Monday, October 12, 2009

Friends, Love, God

Sometimes I wonder if I expect too much out of my friends.

I know I am not perfect in any way. And some friends have seen a brutal side of me more than others. These are close friends...we know each other well.

Is it wrong for me to want them to acknowledge me when I walk in the room? Is it wrong to want to feel accepted and loved? Is it wrong to expect my friend to hug me when she comes and stands right by me. Is it wrong for me to smile and say “hey” and want them to look me in the eye and say “hi” back? When they leave, do they have to run out the door before I can notice? I want them to come over and say hi. I want them to come over and see me and love me for who I am.

I know Christ is the ultimate representation of love.
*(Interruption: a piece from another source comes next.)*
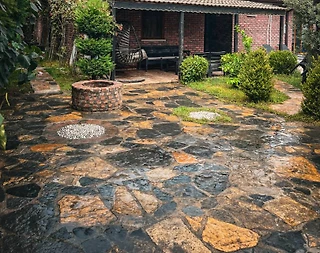 Sapanca Yanık'ta Jakuzili, Özel Havuzlu, Tuğla Villa - 1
Because no matter all our sins, he runs to us, embraces us, smiles us and says “hi” genuinely. Sincerely. Because He cares. He sacrificed everything for us.

I wonder if God ever feels the way I feel right now: like I am putting so much in and not receiving in return. Like I am loving with all I have and not being loved back. I know sometimes He does. My heart is breaking and I can only imagine how God's heart breaks for all of us sometimes. For all the times we ignore him, fail to talk to him, to praise him. His grace is without bounds and yet how often do we turn our backs to Him? But He is always there; the friend you can call at any hour, the friend who will embrace you when you are weeping, the friend who will lift you up when your world is crumbling.

I want to love other people the way He teaches us to.
I want to love Him back with all that I am.
And I want others to love me back. I do. Even though whether someone loves me has no bearing on whether I should love them.

And I know that even when they don't, I have the ultimate friend waiting for my call.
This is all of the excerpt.